7. As stony trees or cliffs are seen to rise on mountains, and waves on the surface of waters; so the huge mountain also rises as a stony tree, from the bosom of the all pervading spirit.

8. As the living body gives growth, to dull and dead nails and hairs, so the living soul of the universe, grows the insensible stones and trees upon it. (So the spirit produces the matter, and the insensible rises from sensibles).

9. As the conscious soul becomes unconscious, as a stone or block of wood in its sleep; so the universal soul becomes inert, before creation and after its dissolution.

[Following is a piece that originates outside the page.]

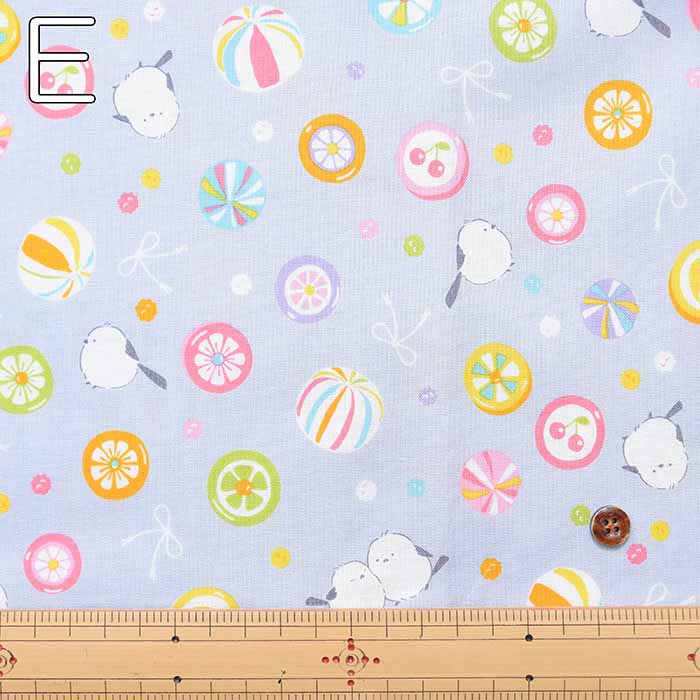 Cotton sheeting print fabric WA Monogatari Candy Striped Enaga - nomura tailor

And again as the sleeping soul, sees the train of dreams rising out of it, so the tranquil spirit of God, beholds the lustre of creation issuing out of it.

10. And as the sensible and insensible soul of man, produces both sensible offspring and insensible excrements from its body; so the universal soul, produces both living beings and inert bodies from itself.

11. The sensible as well as the insensible, are both embodied in the person of the universal soul; which is possessed of both the movables and immovables in itself, although it is formless in its substance.

12. All these contraries in nature, disappear before the sight of the truly learned; as the false sights in dream, disappear from view of the awakened man, who knows the falsity of dreams.

13. All this is the vacuity of the Intellect, where there is no sight, view nor its viewer; as a dreamer being awakened from his dreaming, neither sees his dream nor his dreaming sights any more.

14. Millions and millions of creations, are appearing in and disappearing from the vacuum of the Intellect, in the manner of recurring waves, and the revolving whirlpools in the sea.

15. As the waters of the ocean, show various shining forms in the rising waves; so the Intellect raises many creations, bearing different names in its own intellectuality.

16. The world as it is, appears as the very Brahma to the truly learned, while to the ignorant mass of men, it appears as many and changing, for want of the precise knowledge of it.